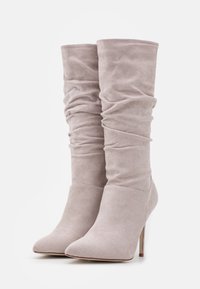 Par de botas altas de ante beige claro con punteras puntiagudas, cañas caídas y altos tacones de aguja sobre un fondo blanco.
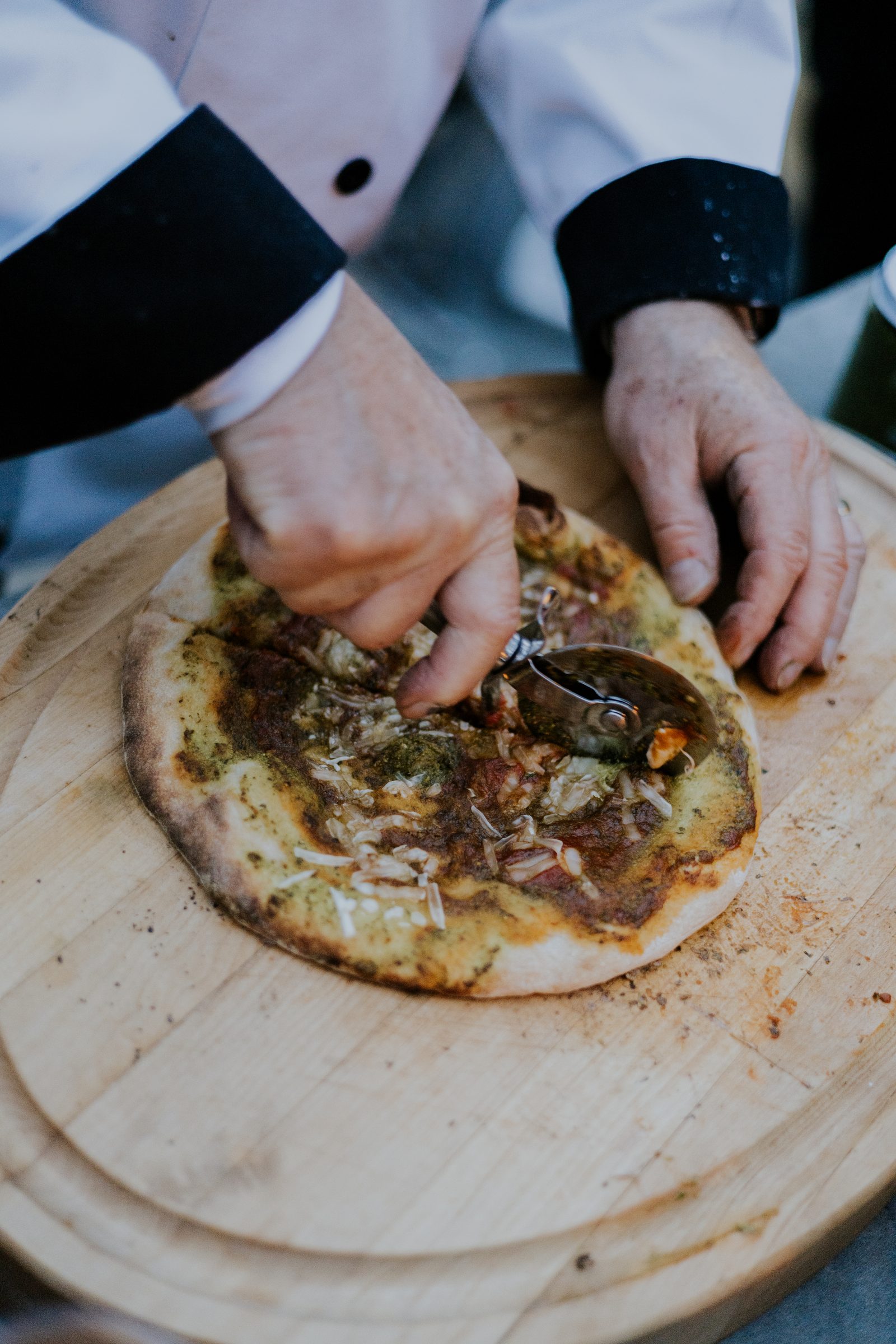 Finishing a pizza by hand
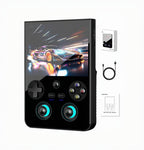 Black handheld gaming console with gamepad, power adapter, and user manual on a reflective surface.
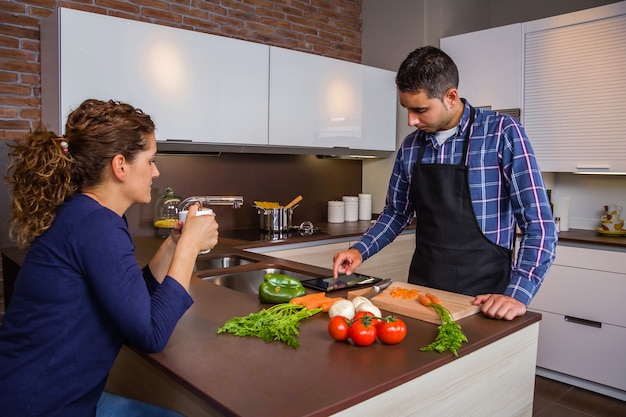 Jovem na cozinha de casa preparando comida e procurando receita em um tablet eletrônico. conceito moderno de estilo de vida familiar.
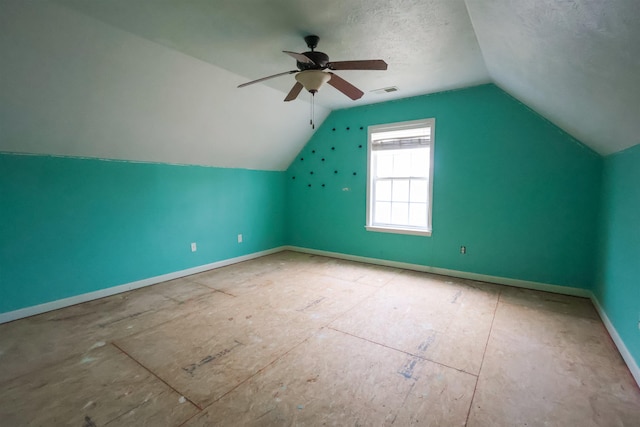 additional living space featuring ceiling fan, lofted ceiling, and a textured ceiling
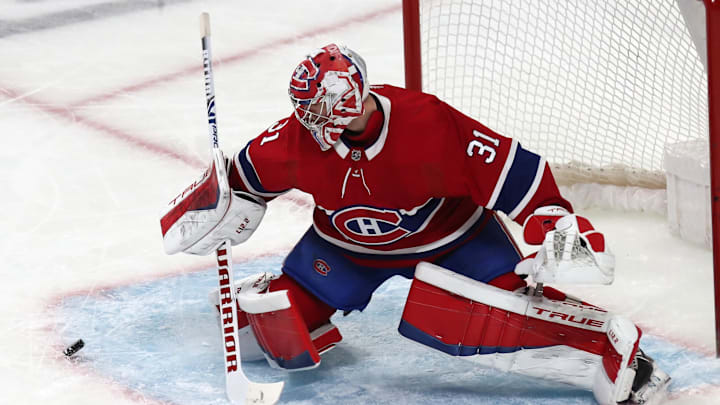 Apr 19, 2022; Montreal, Quebec, CAN; Montreal Canadiens goaltender Carey Price (31) makes a save against Minnesota Wild during the first period at Bell Centre. Mandatory Credit: Jean-Yves Ahern-Imagn Images Apr 19, 2022; Montreal, Quebec, CAN; Montreal Canadiens goaltender Carey Price (31) makes a save against Minnesota Wild during the first period at Bell Centre. Mandatory Credit: Jean-Yves Ahern-Imagn Images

-------------------------

• Task goal:
Give back each of the records above word for word, apart from the pictures.

• Response for this exercise:
 Par de botas altas de ante beige claro con punteras puntiagudas, cañas caídas y altos tacones de aguja sobre un fondo blanco.
 Finishing a pizza by hand
 Black handheld gaming console with gamepad, power adapter, and user manual on a reflective surface.
 Jovem na cozinha de casa preparando comida e procurando receita em um tablet eletrônico. conceito moderno de estilo de vida familiar.
 additional living space featuring ceiling fan, lofted ceiling, and a textured ceiling
 Apr 19, 2022; Montreal, Quebec, CAN; Montreal Canadiens goaltender Carey Price (31) makes a save against Minnesota Wild during the first period at Bell Centre. Mandatory Credit: Jean-Yves Ahern-Imagn Images Apr 19, 2022; Montreal, Quebec, CAN; Montreal Canadiens goaltender Carey Price (31) makes a save against Minnesota Wild during the first period at Bell Centre. Mandatory Credit: Jean-Yves Ahern-Imagn Images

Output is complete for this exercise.